>>>>
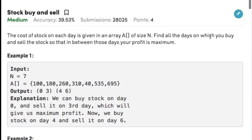Hi guys, welcome back to another video. Today's question on the Arrays topic is stock buy and sell. The question states that the cost of stock on each day is given in an array A of size N. Find all the days on which you buy and sell the stock so that in between those days your profit is maximum.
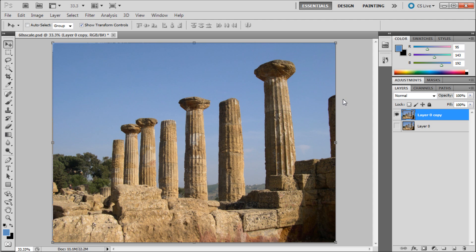When transforming an image in any program, you have probably always been told to scale the image from the corner and hold shift. Otherwise, the subjects of the image would have weird proportions. This has been true until the content-aware scale feature came out in Photoshop CS4.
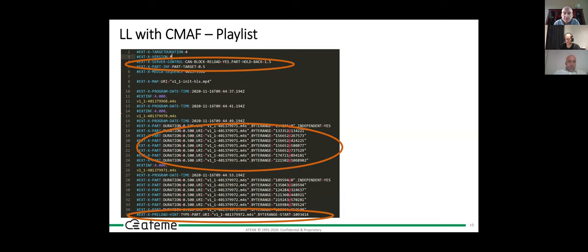What we push from the encoder is a fragment — for example, v11.m4s — with parts described in byte range mode, progressing from zero with a known length, then from offset 134,000 onward, building up like chunk transfer encoding. The latest entry is marked with a special keyword indicating a partial segment currently being pushed by the encoder — that is where we are in the live stream.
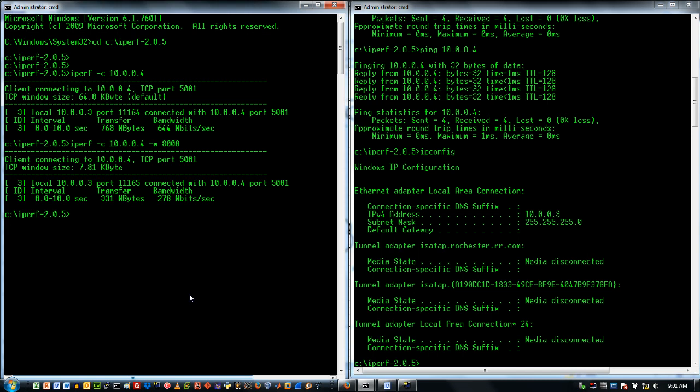Let's do one other thing before we close out today. I'm going to shut down my server and I'm going to set up a UDP test. So note here that we've got the transfer and the bandwidth, but I don't have a whole lot of information regarding some other performance parameters. So let's see if we can figure out another way to get that done.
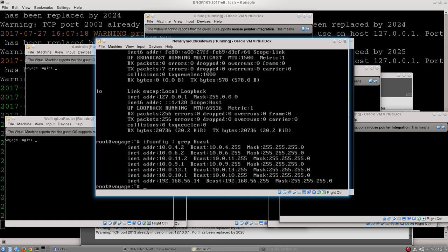That will summarize all of those for me. I can see that the IP addresses that this machine has are 4.2, 6.2, 11.2, 9.1, 13.1, 10.1, and 192.168.56.14. The last one you can see is on that background network that we mentioned, and the one through six up the top are all members of the other networks.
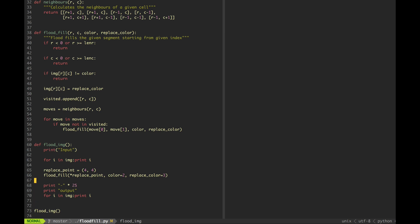The flood image function is a helper that prints the input rows, then calls the flood fill function starting from the replacement point — row and column — supplying the current color and the replacement color. Then it prints the output.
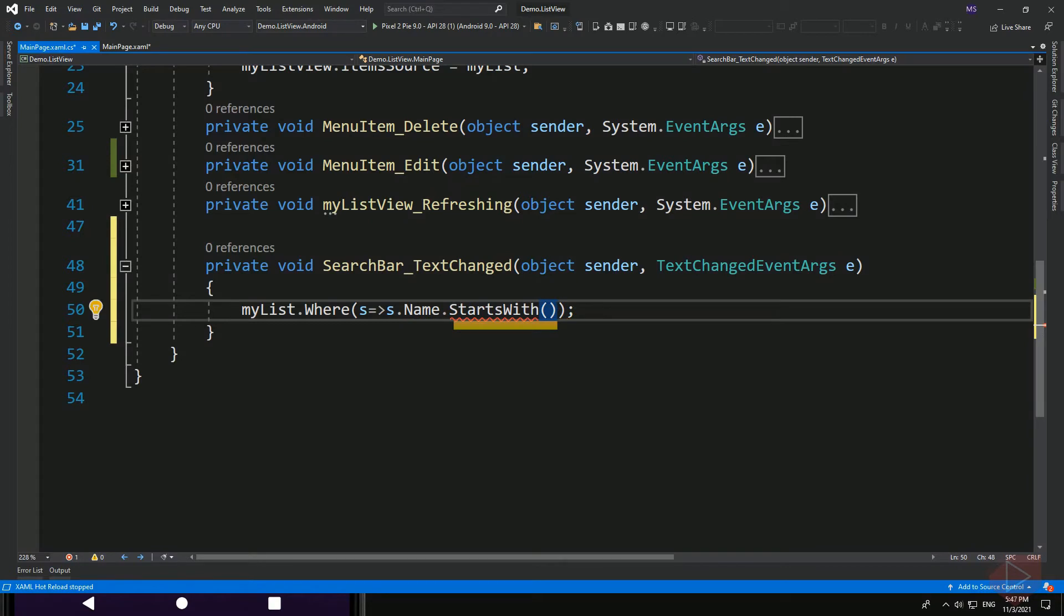The StartWith method returns a list of data that starts with the character or characters we provide to it. Since the search is dynamic, we're not going to pass a fixed value to it. Instead, we need to get the text value of the search bar.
<<<<
EXERCISE :: Take the lines from the one that contains "Let's do one" through the last line of the material above and reproduce them exactly, leaving out any pictures.

ANSWER SECTION ::
Let's do one other thing before we close out today. I'm going to shut down my server and I'm going to set up a UDP test. So note here that we've got the transfer and the bandwidth, but I don't have a whole lot of information regarding some other performance parameters. So let's see if we can figure out another way to get that done.
That will summarize all of those for me. I can see that the IP addresses that this machine has are 4.2, 6.2, 11.2, 9.1, 13.1, 10.1, and 192.168.56.14. The last one you can see is on that background network that we mentioned, and the one through six up the top are all members of the other networks.
The flood image function is a helper that prints the input rows, then calls the flood fill function starting from the replacement point — row and column — supplying the current color and the replacement color. Then it prints the output.
The StartWith method returns a list of data that starts with the character or characters we provide to it. Since the search is dynamic, we're not going to pass a fixed value to it. Instead, we need to get the text value of the search bar.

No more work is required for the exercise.